Er fügte hinzu, dass „ihr freier Geist ihre Solisten ermutigt, ihre eigenen Stimmen zu erweitern und sich mit ihr selbst zu überraschen. Ich gebe ihnen nie irgendwelche Anweisungen“, sagt sie. Ich gebe ihnen nur die Akkordwechsel vor.“

Als Einzelkind wurde Lovella May Borg am 11. Mai 1936 in Oakland, Kalifornien, geboren. Da sie mit ihrem Vornamen unglücklich war, änderte sie ihn, indem sie den zweiten Vornamen ihres Vaters, Carl, annahm.

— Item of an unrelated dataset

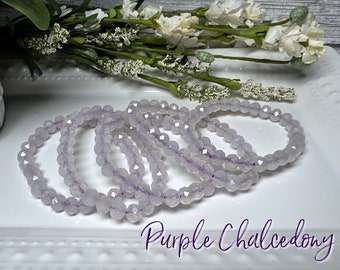 Purple Chalcedony Bracelet, Purple Crystal Bracelet, Facet Beads, 7-8mm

Er war ein Kirchenorganist und Klavierlehrer, der Frau Bley ihre ersten Musikstunden gab. Ihre Mutter, die ebenfalls Kirchenorganistin war, erkrankte an rheumatischem Fieber und starb, als Frau Bley etwa 8 Jahre alt war, inmitten einer Kindheit, die Frau Bley als trist und repressiv beschreibt.

„Ich wurde mit Religion überschüttet, durchtränkt und hatte Angst, in die Hölle zu kommen“, sagte sie 1974 der Times. „Die einzige Musik, die mich damals bewegte, war die Kirchenmusik. Wenn ich ‚Nearer My God to Thee‘ hörte, brach ich zusammen.“

Im Alter von 13 Jahren sah sie den Vibraphonisten Lionel Hampton im Oakland Civic Auditorium. Frau Bley war wie verzaubert. Vier Jahre später fuhr sie mit einem Freund quer durchs Land nach New York, um Miles Davis im Café Bohemia in Greenwich Village zu sehen. Bald darauf fand sie einen Job als Zigarettenverkäuferin im Club Birdland und erhielt eine Ausbildung in Jazz, während sie Interpreten wie Count Basie und Thelonious Monk beobachtete.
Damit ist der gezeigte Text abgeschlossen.